I sincerely hope that if anyone has a concrete, actionable answer to this question, that they’re smart enough not to share it publicly, for what I hope are obvious reasons.
But aside from that caveat, I think you are making several incorrect assumptions.
“There is no massive corpus of such strategies that can be used as training data”
The AI has, at minimum access-in-principle to everything that has ever been written or otherwise recorded, including all fiction, all historical records, and all analysis of both of those. This includes many, many, many examples and discussions of plans, successful and not, and detailed discussions of why humans believe they succeeded or failed.
“(a) doing real-world experiments (whereby generating sufficient data would be far too slow and costly, or simply impossible)”
People have already handed substantial amounts of crypto to at least one AI, which it can use to autonomously act in the real world by paying humans. What do you see as the upper bound on this, and why?

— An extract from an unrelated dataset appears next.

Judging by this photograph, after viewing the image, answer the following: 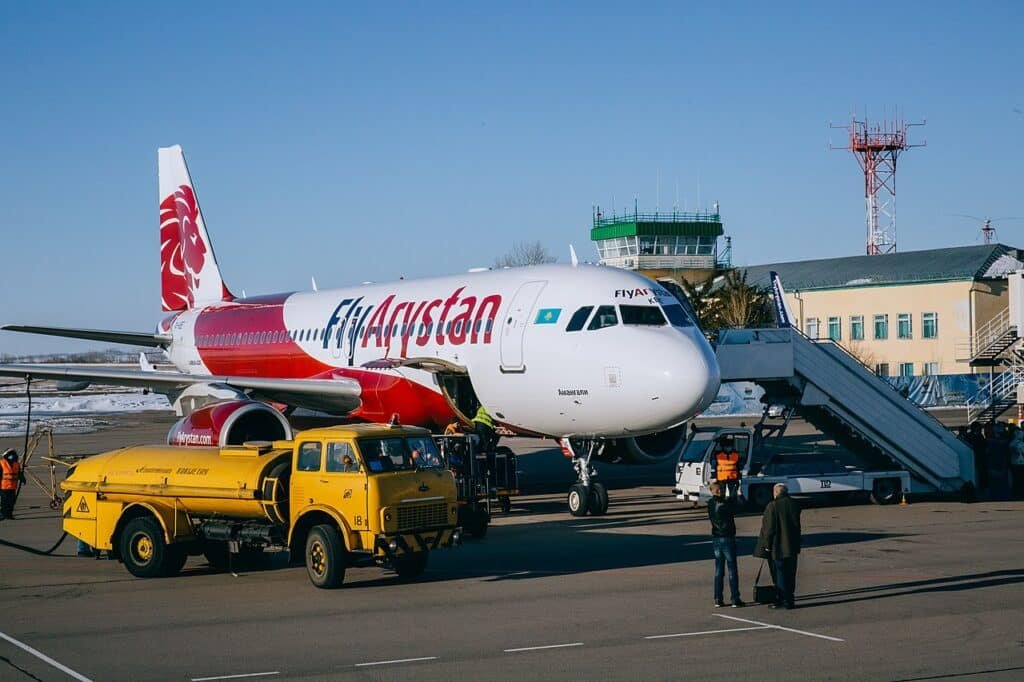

I think most people greatly overestimate how much of this is actually needed for many kinds of goals. What do you see as the upper bound for what can, in principle, be done with a plan that an army of IQ-180 humans (aka no better qualitative thinking than what the smartest humans can do, so that this is a strict lower bound on ASI capabilities) came up with over subjective millennia with access to all recorded information that currently exists in the world? Assume the plan includes the capability to act in parallel, at scale, and the ability to branch its actions based on continued observation, just like groups of humans can, but with much better coordination within the group.
“(b) a comprehensive world-model that is capable of predicting the results of proposed actions”
See above—I’m not sure what you see as the upper bound for how good such a world model can or would likely be?
One answer is “Because we’re going to have long since handed it thousands to billions bodies to operate in the world, and problems to come up with plans to solve, and compute to use to execute and revise those plans.” Without the bodies, we’re already doing this.
Current non-superintelligent AIs already come up with hypotheses and plans to test them and means to revise them and checks against past data all the time with increasing success rates over a widening range of problems. This is synthetic data we’re already paying to generate.
Also, have you ever run a plan (or anything else) by an LLM and asked it to find flaws and suggest solutions and estimate probabilities of success? This is already very useful at improving on human success rates across many domains.
“Plans for achieving such goals are not amenable to simulation because you can’t easily predict or evaluate the outcome of any proposed action. ”
It’s actually very easy to get current LLMs to generate hypothetical actions well outside a narrow domain if you explain to them that there are unusually high stakes. We’re not talking about a traditional chess engine thinking outside the rules of chess. We’re about about systems whose currently-existing predecessors are increasingly broadly capable of finding solutions to open-ended problems using all available tools. This includes capabilities like deception, lying, cheating, stealing, giving synthesis instructions to make drugs, and explaining how to hire a hitman.
Any plan a human can come up with without having personally conducted groundbreaking relevant experiments, is a plan that exists within or is implied by the combined corpus of training data available to an AI. This includes, for example, everything ever written by this community or anyone else, and everything anyone ever thought about upon reading everything ever written by this community or anyone else.
Strictly speaking I only presupposed an AI could reach close to the limits of human intelligence in terms of thinking ability, but with the inherent speed and parallelizability and memory advantages of a digital mind.
In small ways (aka sized appropriately for current AI capabilities) this kind of thing shows up all the time in chains of thought in response to all kinds of prompts, to the point that no, I don’t have specific examples, because I wouldn’t know how to pick one. The one that first comes to mind, I guess, was using AI to help me develop a personalized nutrition/supplement/weight loss/training regimen.
That’s fair, and a reasonable thing to discuss. After all, the fundamental claim of the book’s title is about a conditional probability: IF it turns out that the anything like our current methods scale to superintelligent agents, we’d all be screwed.